Segment Start: ENTRIES SUPPLIED
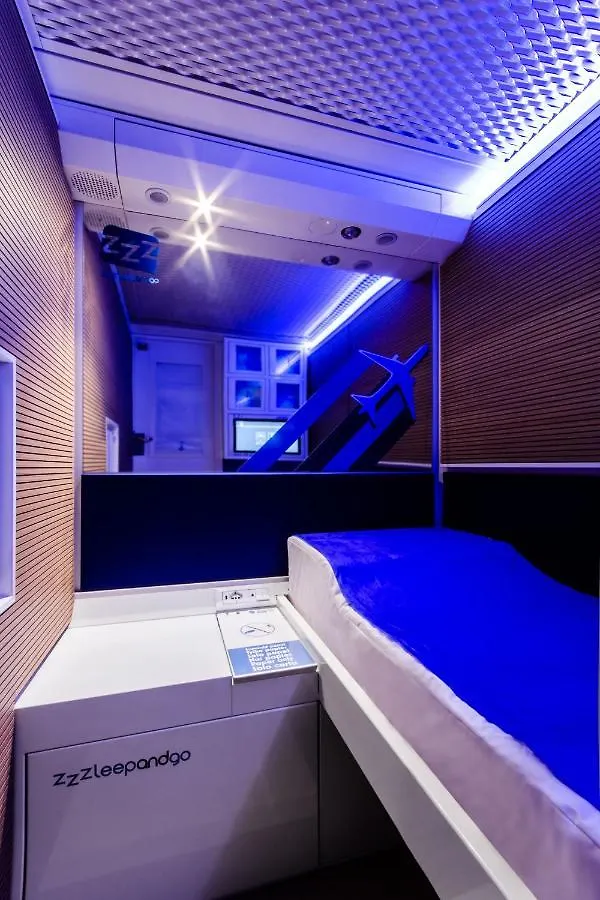 Resting Pods - Zzzleepandgo Vce Venice Airport Hotel Tessera Capsule hotel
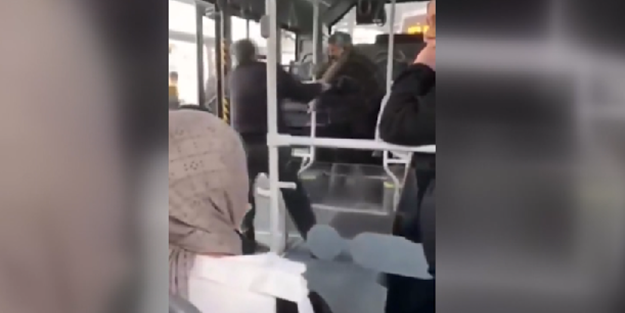 Tepki çeken anlar! Şoför kartı olmayan yaşlı kadını tartaklayarak otobüsten attı!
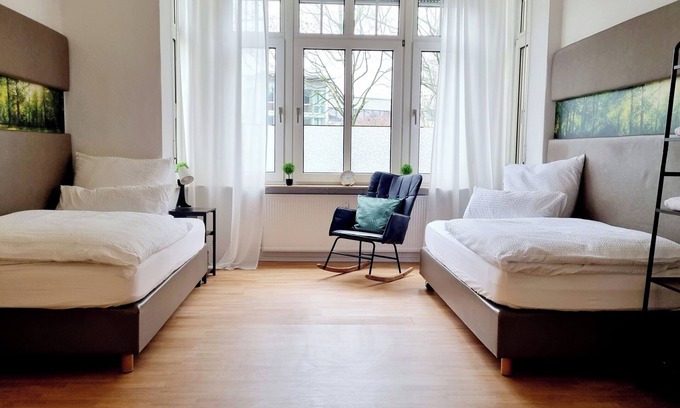 Luenen Apartment | 135m² Apartment I max. 8 guests I Central I Kitchen I Balcony I Parking I Wi-Fi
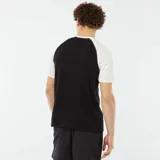 Camiseta deportiva negra con mangas cortas raglán en color blanco y logo pequeño en el pecho.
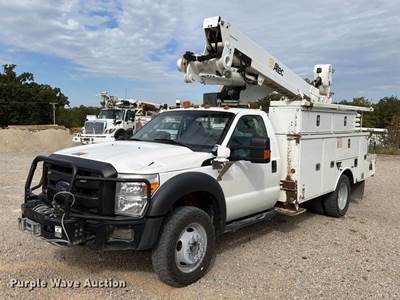 2015 Ford F550 Super Duty XL Bucket Truck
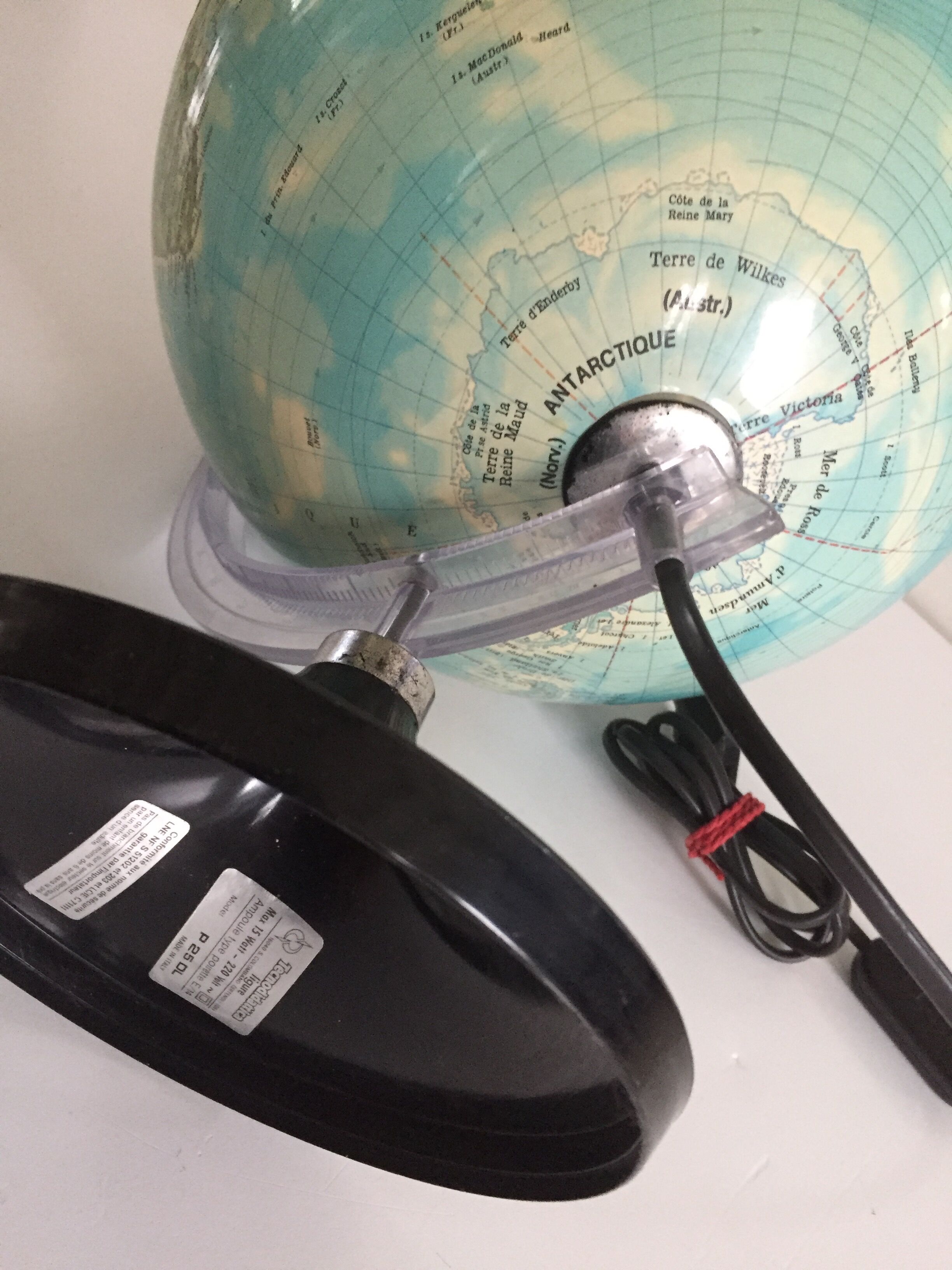 Globe earth bright black vintage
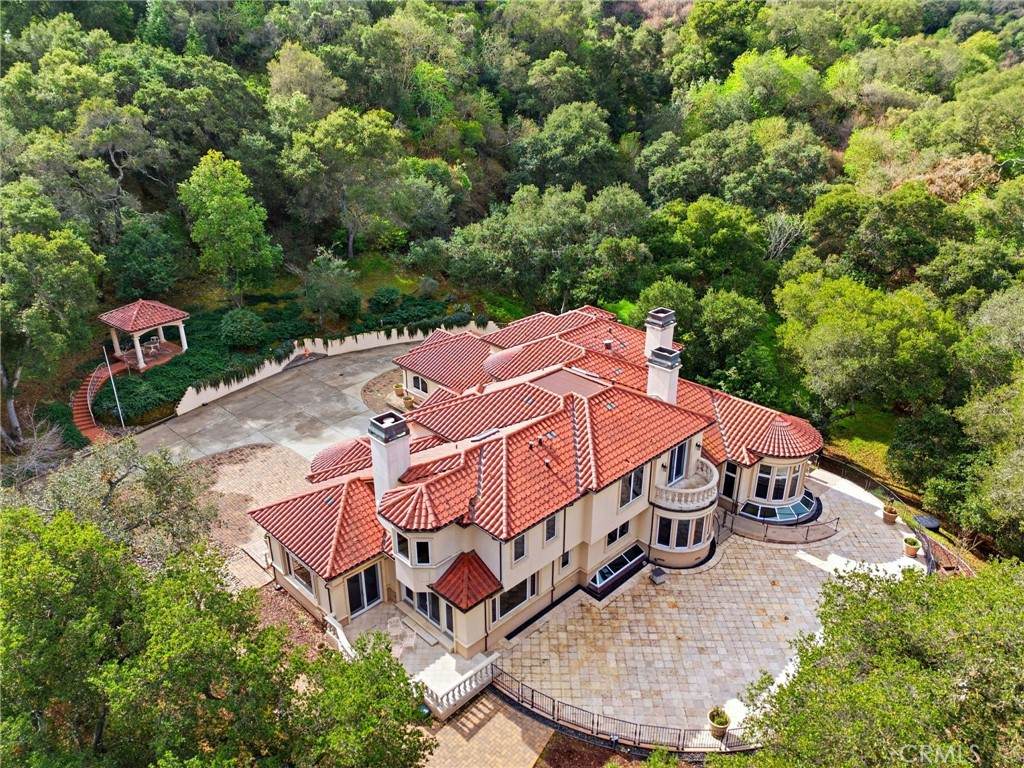 28080 Laura Court - Photo 1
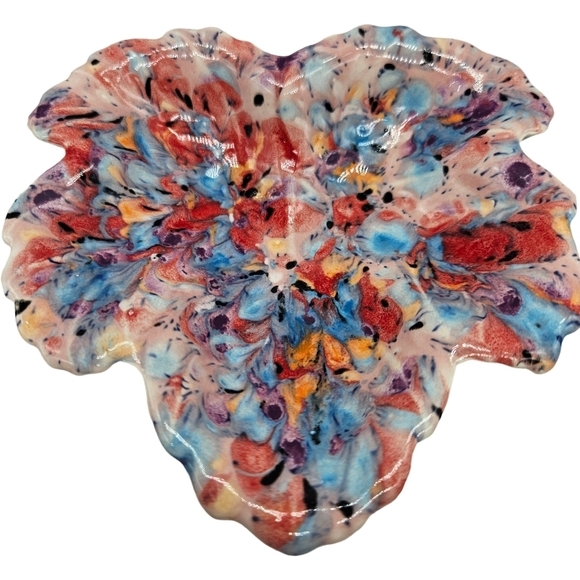 Pink Pottery Trinket Dish with Splatter Paint Design - Picture 6 of 9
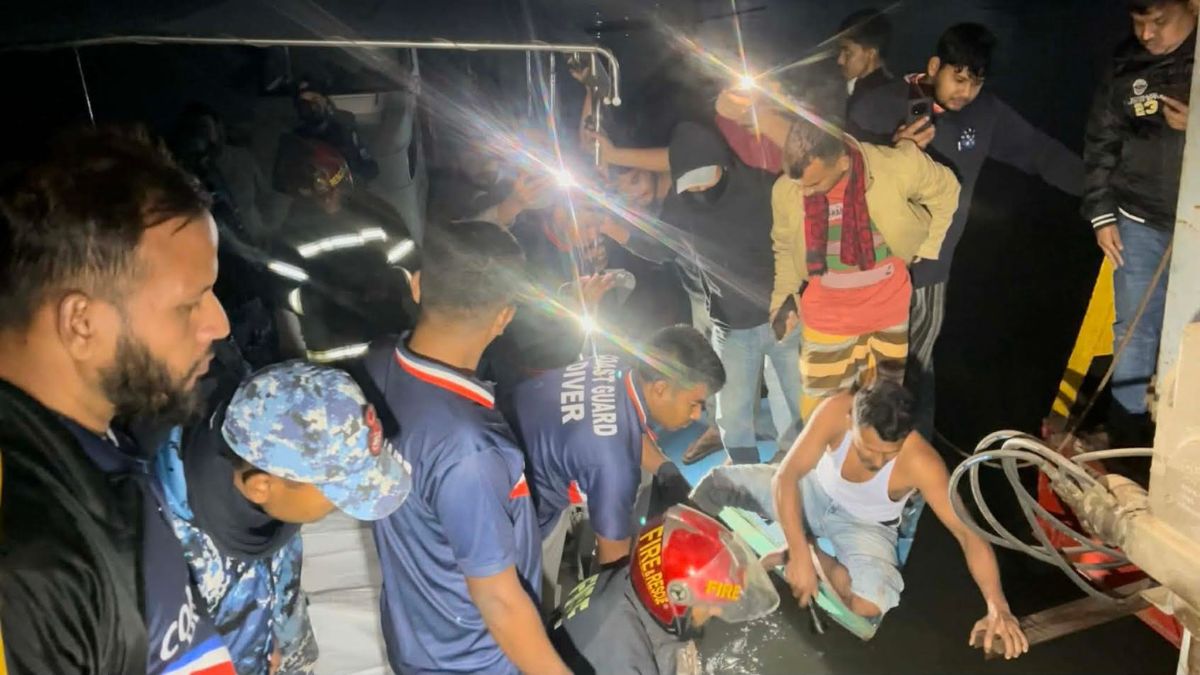 ধলেশ্বরীতে ফেরি দুর্ঘটনা, নিখোঁজের সাড়ে চার ঘণ্টা পর উদ্ধার ৩ মরদেহ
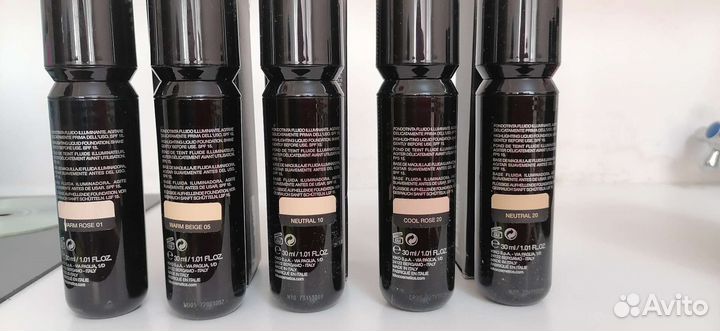 Жидкий тональный с хайлайтером kiko skin tone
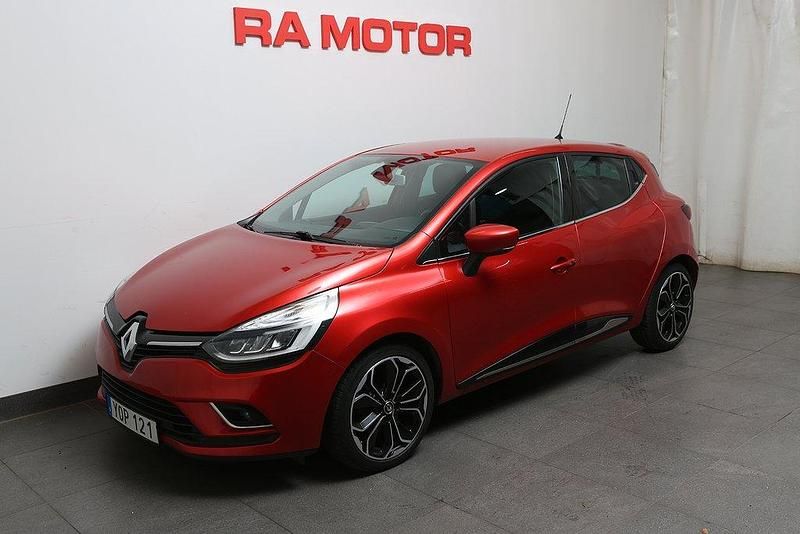 Röd (röd metallic ) Begagnad 2017 Renault Clio IV Intens Halvkombi | 89 800 kr (Marknadspris) - Bild 1/2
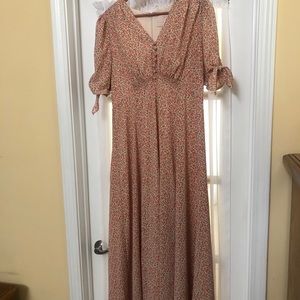 Gal Meets Glam maxi floor length spring dress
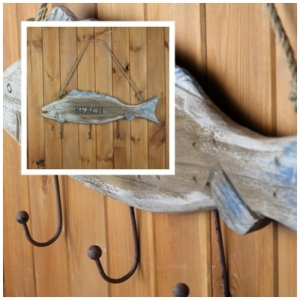 Nástěnný věšák ryba 60cm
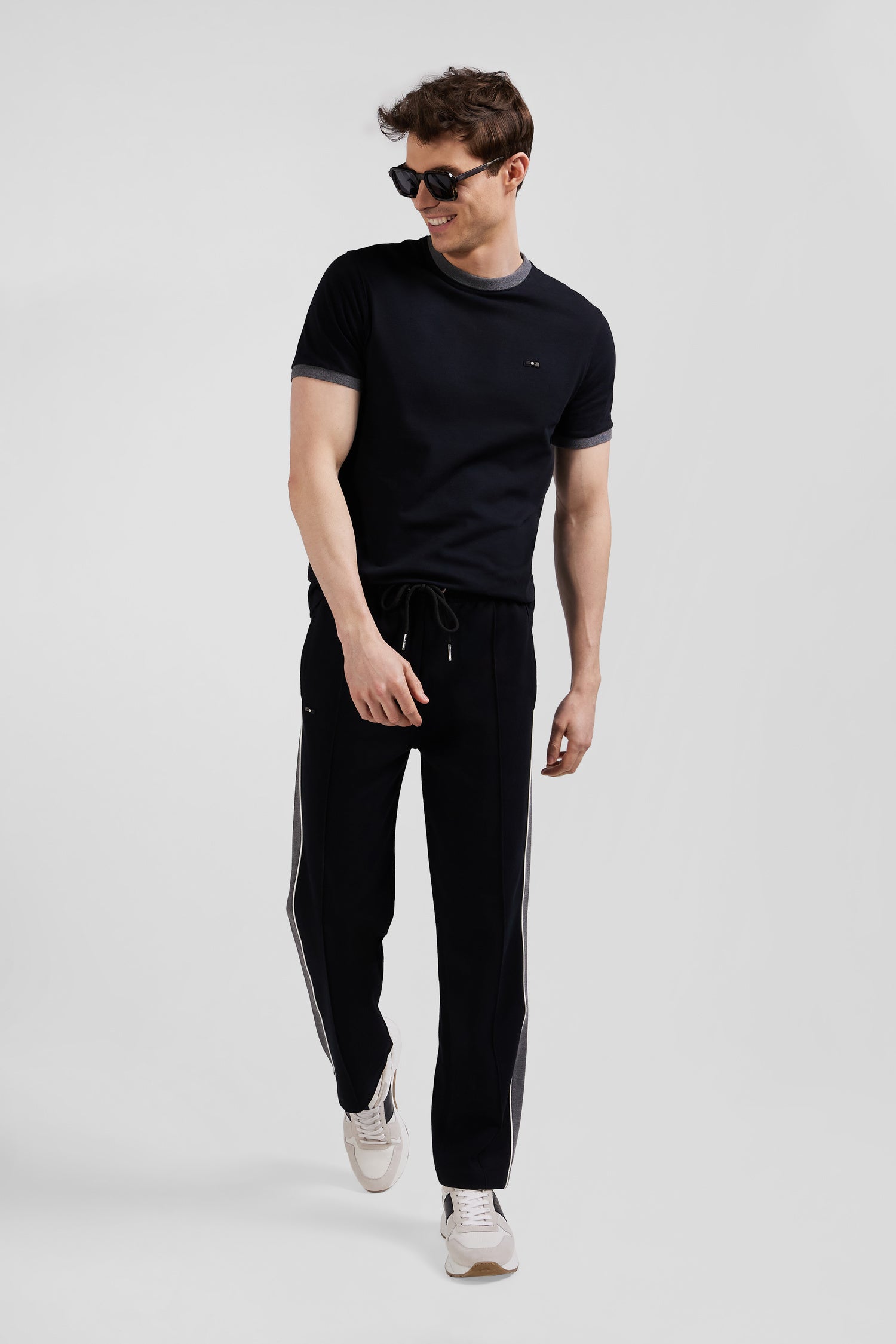 Pantalon jogging en coton mélangé noir coupe Regular passepoil jambes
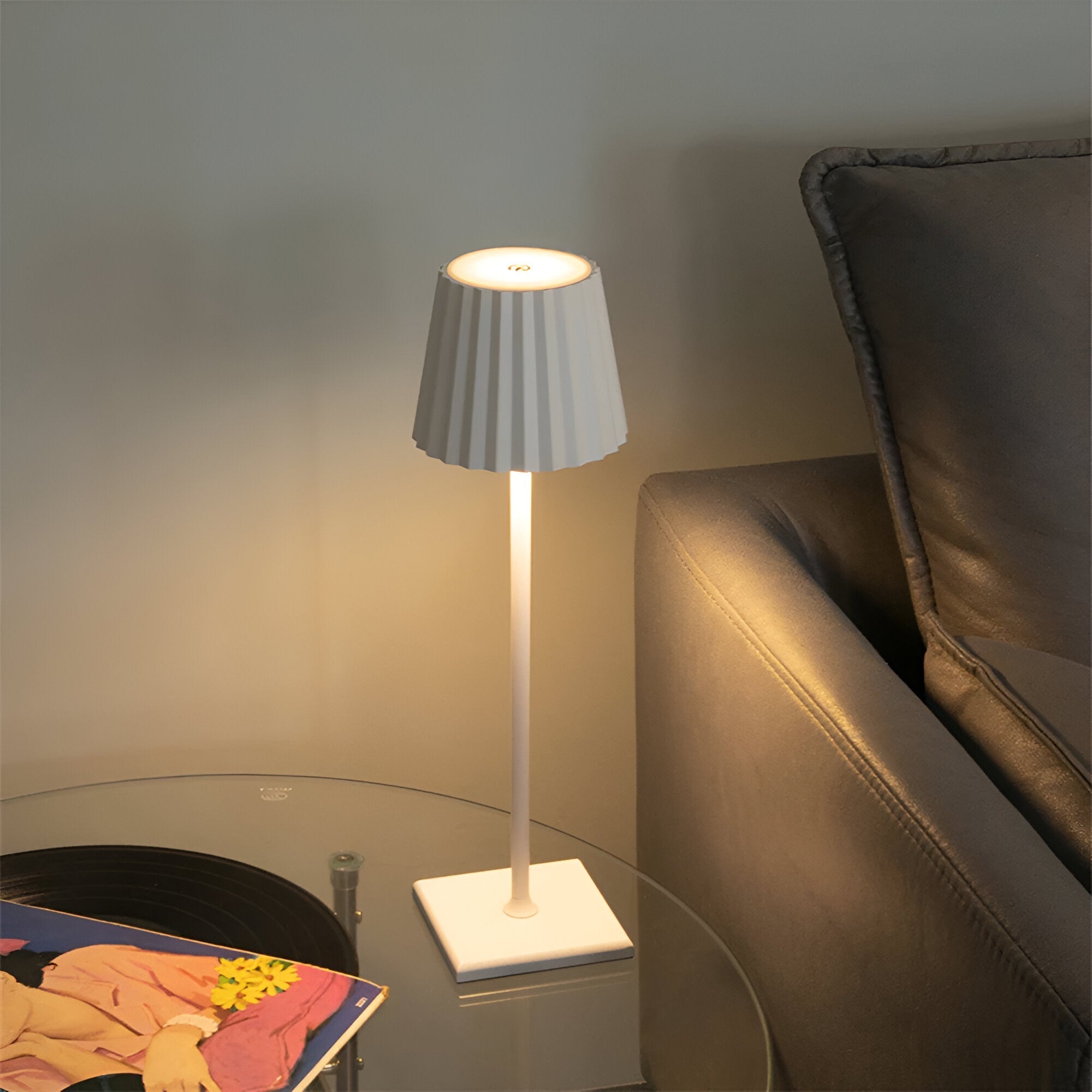 Wireless LED table lamp with touch function
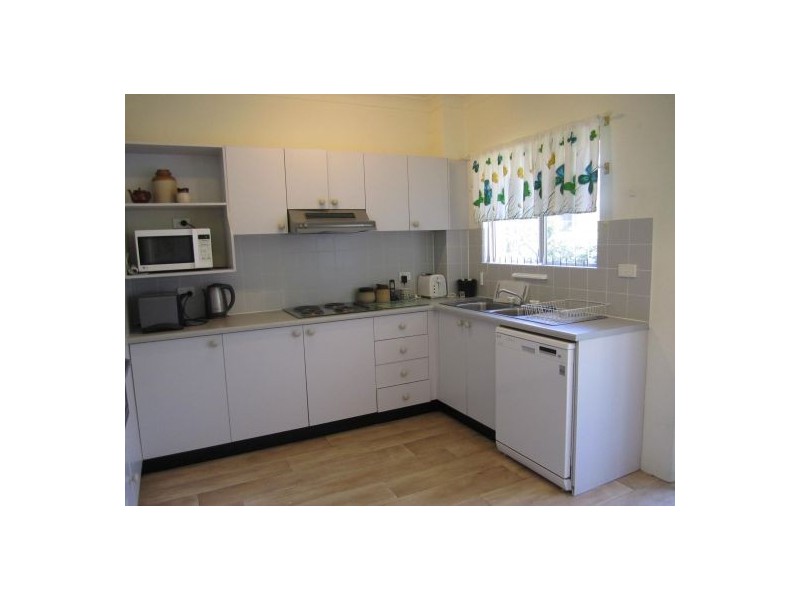 40/12 Kinarra Avenue, Wyoming NSW 2250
Segment End: ENTRIES SUPPLIED
WHAT IS REQUIRED
Give the records back verbatim, pictures excluded.

SOLUTION TO THIS PROBLEM
 Resting Pods - Zzzleepandgo Vce Venice Airport Hotel Tessera Capsule hotel
 Tepki çeken anlar! Şoför kartı olmayan yaşlı kadını tartaklayarak otobüsten attı!
 Luenen Apartment | 135m² Apartment I max. 8 guests I Central I Kitchen I Balcony I Parking I Wi-Fi
 Camiseta deportiva negra con mangas cortas raglán en color blanco y logo pequeño en el pecho.
 2015 Ford F550 Super Duty XL Bucket Truck
 Globe earth bright black vintage
 28080 Laura Court - Photo 1
 Pink Pottery Trinket Dish with Splatter Paint Design - Picture 6 of 9
 ধলেশ্বরীতে ফেরি দুর্ঘটনা, নিখোঁজের সাড়ে চার ঘণ্টা পর উদ্ধার ৩ মরদেহ
 Жидкий тональный с хайлайтером kiko skin tone
 Röd (röd metallic ) Begagnad 2017 Renault Clio IV Intens Halvkombi | 89 800 kr (Marknadspris) - Bild 1/2
 Gal Meets Glam maxi floor length spring dress
 Nástěnný věšák ryba 60cm
 Pantalon jogging en coton mélangé noir coupe Regular passepoil jambes
 Wireless LED table lamp with touch function
 40/12 Kinarra Avenue, Wyoming NSW 2250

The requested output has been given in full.